Source data ▸

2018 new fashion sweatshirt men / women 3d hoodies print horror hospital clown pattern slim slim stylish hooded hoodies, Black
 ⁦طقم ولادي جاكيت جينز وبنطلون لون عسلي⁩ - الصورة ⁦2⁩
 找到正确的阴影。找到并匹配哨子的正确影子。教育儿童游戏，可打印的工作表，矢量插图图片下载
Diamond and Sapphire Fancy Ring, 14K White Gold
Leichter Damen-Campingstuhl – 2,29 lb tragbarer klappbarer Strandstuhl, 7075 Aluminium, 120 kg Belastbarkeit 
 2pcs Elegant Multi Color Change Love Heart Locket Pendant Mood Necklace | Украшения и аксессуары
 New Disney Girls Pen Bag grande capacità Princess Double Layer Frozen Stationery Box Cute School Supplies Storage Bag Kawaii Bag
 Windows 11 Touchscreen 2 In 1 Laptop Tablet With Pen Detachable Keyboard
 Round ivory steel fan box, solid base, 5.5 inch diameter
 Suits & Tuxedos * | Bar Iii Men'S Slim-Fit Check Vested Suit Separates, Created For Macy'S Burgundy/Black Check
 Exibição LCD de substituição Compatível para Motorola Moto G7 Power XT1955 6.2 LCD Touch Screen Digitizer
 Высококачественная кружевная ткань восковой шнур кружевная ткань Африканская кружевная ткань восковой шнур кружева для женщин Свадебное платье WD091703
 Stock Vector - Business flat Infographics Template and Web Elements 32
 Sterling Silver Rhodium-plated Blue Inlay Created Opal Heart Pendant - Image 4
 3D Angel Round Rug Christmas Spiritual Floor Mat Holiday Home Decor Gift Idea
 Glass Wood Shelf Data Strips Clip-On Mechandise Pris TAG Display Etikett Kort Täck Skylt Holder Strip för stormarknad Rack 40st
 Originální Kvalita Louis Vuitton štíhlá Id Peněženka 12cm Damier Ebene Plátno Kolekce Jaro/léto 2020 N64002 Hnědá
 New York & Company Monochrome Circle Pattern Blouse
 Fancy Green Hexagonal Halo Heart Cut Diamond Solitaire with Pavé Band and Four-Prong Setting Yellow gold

Your task ▸
What you return should be only the lines from the line containing "Round ivory steel" through the end of the material above, reproduced exactly, first and last included.

Your solution ▸
 Round ivory steel fan box, solid base, 5.5 inch diameter
 Suits & Tuxedos * | Bar Iii Men'S Slim-Fit Check Vested Suit Separates, Created For Macy'S Burgundy/Black Check
 Exibição LCD de substituição Compatível para Motorola Moto G7 Power XT1955 6.2 LCD Touch Screen Digitizer
 Высококачественная кружевная ткань восковой шнур кружевная ткань Африканская кружевная ткань восковой шнур кружева для женщин Свадебное платье WD091703
 Stock Vector - Business flat Infographics Template and Web Elements 32
 Sterling Silver Rhodium-plated Blue Inlay Created Opal Heart Pendant - Image 4
 3D Angel Round Rug Christmas Spiritual Floor Mat Holiday Home Decor Gift Idea
 Glass Wood Shelf Data Strips Clip-On Mechandise Pris TAG Display Etikett Kort Täck Skylt Holder Strip för stormarknad Rack 40st
 Originální Kvalita Louis Vuitton štíhlá Id Peněženka 12cm Damier Ebene Plátno Kolekce Jaro/léto 2020 N64002 Hnědá
 New York & Company Monochrome Circle Pattern Blouse
 Fancy Green Hexagonal Halo Heart Cut Diamond Solitaire with Pavé Band and Four-Prong Setting Yellow gold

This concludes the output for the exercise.